## Action item:
Every line from the line containing "ЗИМОЙ ОБЛИЖЕШЬ ПАЛЬЧИКИ!" through the final line below is to be repeated exactly; no other line is.

↓

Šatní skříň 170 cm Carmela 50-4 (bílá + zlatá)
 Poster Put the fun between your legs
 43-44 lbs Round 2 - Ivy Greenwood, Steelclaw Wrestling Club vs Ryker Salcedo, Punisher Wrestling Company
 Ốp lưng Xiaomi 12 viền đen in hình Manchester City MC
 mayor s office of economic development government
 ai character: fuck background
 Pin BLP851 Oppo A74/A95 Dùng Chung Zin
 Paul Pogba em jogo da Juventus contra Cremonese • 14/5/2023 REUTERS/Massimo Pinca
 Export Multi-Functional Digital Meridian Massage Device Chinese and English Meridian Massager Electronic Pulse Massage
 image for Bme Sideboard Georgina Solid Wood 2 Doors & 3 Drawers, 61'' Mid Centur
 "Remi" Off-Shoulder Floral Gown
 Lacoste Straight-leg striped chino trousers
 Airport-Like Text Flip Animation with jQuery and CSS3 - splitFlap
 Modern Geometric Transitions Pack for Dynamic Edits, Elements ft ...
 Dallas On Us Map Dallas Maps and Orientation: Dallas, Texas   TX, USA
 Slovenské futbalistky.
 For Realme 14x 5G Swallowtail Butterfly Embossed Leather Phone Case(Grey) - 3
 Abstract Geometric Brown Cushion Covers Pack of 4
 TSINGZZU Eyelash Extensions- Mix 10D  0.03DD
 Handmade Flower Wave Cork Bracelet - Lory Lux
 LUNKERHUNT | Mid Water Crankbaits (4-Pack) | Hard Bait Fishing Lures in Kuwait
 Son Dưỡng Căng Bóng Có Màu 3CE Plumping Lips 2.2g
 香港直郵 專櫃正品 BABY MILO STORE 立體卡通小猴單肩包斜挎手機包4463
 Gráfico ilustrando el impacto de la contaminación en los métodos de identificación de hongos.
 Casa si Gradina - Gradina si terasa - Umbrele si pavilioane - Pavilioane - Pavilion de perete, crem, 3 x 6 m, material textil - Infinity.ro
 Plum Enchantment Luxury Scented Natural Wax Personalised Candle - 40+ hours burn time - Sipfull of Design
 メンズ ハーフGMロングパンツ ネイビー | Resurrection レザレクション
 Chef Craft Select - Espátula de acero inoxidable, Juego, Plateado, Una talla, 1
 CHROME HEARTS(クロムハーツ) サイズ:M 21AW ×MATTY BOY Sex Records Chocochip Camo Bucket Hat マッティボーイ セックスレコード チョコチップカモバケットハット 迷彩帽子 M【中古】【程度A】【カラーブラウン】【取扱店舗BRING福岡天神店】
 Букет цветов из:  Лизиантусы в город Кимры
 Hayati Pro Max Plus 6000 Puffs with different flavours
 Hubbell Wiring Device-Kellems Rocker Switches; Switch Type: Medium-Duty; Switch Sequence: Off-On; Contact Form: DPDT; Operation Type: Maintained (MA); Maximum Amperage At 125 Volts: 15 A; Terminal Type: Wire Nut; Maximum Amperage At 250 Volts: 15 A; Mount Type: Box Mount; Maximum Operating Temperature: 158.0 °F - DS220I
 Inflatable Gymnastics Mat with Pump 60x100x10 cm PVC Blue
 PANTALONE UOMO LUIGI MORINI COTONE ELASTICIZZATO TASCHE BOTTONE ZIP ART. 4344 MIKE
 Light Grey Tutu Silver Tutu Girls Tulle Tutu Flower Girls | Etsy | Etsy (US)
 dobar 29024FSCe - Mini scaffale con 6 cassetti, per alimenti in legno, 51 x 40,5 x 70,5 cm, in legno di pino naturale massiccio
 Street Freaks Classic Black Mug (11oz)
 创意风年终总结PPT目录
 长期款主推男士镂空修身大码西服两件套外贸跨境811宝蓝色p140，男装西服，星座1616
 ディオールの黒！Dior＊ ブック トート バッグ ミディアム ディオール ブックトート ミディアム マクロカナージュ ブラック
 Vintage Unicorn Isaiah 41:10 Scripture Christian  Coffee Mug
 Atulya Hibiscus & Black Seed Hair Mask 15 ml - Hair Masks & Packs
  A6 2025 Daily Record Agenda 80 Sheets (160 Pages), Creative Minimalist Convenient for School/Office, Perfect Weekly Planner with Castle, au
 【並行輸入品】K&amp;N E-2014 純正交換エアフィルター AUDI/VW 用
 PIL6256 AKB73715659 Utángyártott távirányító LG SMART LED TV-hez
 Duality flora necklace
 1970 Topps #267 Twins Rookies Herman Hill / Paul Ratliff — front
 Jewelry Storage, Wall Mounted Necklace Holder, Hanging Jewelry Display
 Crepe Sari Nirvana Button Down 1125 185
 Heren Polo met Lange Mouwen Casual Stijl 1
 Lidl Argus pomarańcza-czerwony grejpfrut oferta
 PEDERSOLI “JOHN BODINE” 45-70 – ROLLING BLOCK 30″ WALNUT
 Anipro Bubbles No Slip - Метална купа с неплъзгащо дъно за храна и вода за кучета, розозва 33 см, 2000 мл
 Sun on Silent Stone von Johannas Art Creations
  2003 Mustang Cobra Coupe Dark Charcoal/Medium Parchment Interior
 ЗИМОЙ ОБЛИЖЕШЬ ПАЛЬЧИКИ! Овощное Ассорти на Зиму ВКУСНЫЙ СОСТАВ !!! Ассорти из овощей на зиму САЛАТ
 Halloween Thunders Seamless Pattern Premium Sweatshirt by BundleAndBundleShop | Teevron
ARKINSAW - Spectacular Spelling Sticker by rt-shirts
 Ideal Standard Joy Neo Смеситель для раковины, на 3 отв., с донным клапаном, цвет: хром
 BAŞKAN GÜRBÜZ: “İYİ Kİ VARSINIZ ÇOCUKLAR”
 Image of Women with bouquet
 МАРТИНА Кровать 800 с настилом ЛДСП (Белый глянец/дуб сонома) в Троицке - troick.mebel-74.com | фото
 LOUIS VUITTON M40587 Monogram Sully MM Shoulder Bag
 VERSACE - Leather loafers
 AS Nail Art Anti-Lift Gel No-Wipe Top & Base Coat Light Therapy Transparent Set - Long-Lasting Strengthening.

↑

## Your response:
 ЗИМОЙ ОБЛИЖЕШЬ ПАЛЬЧИКИ! Овощное Ассорти на Зиму ВКУСНЫЙ СОСТАВ !!! Ассорти из овощей на зиму САЛАТ
 Halloween Thunders Seamless Pattern Premium Sweatshirt by BundleAndBundleShop | Teevron
ARKINSAW - Spectacular Spelling Sticker by rt-shirts
 Ideal Standard Joy Neo Смеситель для раковины, на 3 отв., с донным клапаном, цвет: хром
 BAŞKAN GÜRBÜZ: “İYİ Kİ VARSINIZ ÇOCUKLAR”
 Image of Women with bouquet
 МАРТИНА Кровать 800 с настилом ЛДСП (Белый глянец/дуб сонома) в Троицке - troick.mebel-74.com | фото
 LOUIS VUITTON M40587 Monogram Sully MM Shoulder Bag
 VERSACE - Leather loafers
 AS Nail Art Anti-Lift Gel No-Wipe Top & Base Coat Light Therapy Transparent Set - Long-Lasting Strengthening.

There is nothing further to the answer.